Closed pp00704831 closed 3 years ago
We cannot directly train a model with the original MHSA. As described in the introduction of our paper, the computational cost and memory usage of original MHSA is quadratic to the image size. The memory usage can even exceed to the NVIDIA A100 limit. Maybe original MHSA can achieve better result, but it is impossible to implement it under the current hardware situation. BTW, for comparison, we replace P-MHSA with a modified MHSA that uses average pooling operations for generating k and v, and the pooling ratios are the smallest one in the P-MHSA.
Thank you for your reply. So how about the strides for pooling? For example, when pooling ratio equals to 12, it means that you use kernel size = 12, and strides = 12 ?
Thank you for your reply. So how about the strides for pooling? For example, when pooling ratio equals to 12, it means that you use kernel size = 12, and strides = 12 ?

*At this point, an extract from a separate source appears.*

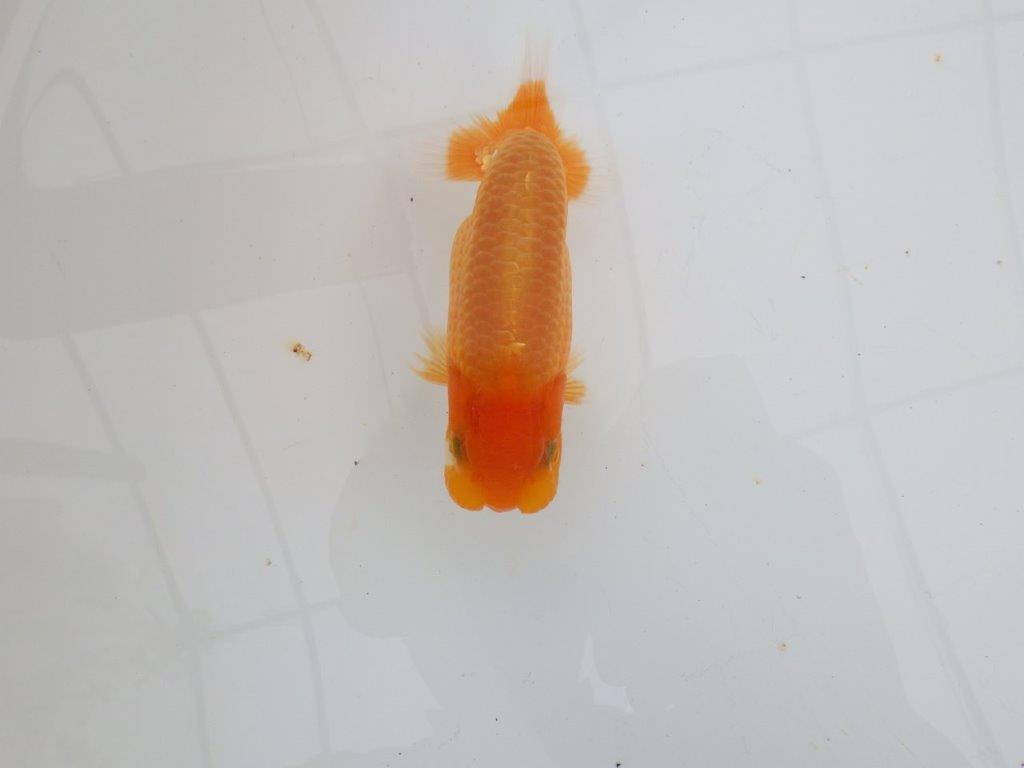 【 全国大会西大関獲得ブリーダー】頭も良く背も綺麗　当歳らんちゅう　西大関系統　約12,5㎝  オス？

Almost right. However, this may cause that some pixels are not taken into account without padding. Regarding this issue, we use adaptive kernel size, stride, and padding to make sure that all pixels are for computation.
Hello,
I have some questions about your ablation studies of pyramid pooling. Could you detail about your baseline version in Table 9? First, you say that you replace P-MHSA with an MHSA with a single pooling operation, what is the detail about single pooling operation? Ex: Pooling Ratios? Second, do you compared your method with original MHSA?